» Work instruction:
Search the material below for the string "asphalt" and extract each line that has it.

» Recorded information:
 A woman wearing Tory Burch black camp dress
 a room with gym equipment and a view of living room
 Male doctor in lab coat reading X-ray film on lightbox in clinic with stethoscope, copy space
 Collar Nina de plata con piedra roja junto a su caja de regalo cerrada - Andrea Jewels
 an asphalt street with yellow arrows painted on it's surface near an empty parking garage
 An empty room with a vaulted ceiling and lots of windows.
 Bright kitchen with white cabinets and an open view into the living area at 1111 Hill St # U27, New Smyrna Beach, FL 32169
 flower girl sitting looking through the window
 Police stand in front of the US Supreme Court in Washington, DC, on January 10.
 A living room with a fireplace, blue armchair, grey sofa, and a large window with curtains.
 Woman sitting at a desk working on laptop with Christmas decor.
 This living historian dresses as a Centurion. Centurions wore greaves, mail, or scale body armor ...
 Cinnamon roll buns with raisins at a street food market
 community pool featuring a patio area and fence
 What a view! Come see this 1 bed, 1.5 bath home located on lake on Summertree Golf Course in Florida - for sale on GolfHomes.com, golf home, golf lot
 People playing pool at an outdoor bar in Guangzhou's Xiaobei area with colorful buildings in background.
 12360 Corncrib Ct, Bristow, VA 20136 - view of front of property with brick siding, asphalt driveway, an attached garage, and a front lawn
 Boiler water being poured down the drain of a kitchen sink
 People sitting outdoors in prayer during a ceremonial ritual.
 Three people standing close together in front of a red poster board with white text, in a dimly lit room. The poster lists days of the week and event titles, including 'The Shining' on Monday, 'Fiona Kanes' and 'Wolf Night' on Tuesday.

» Expected answer:
 an asphalt street with yellow arrows painted on it's surface near an empty parking garage
 12360 Corncrib Ct, Bristow, VA 20136 - view of front of property with brick siding, asphalt driveway, an attached garage, and a front lawn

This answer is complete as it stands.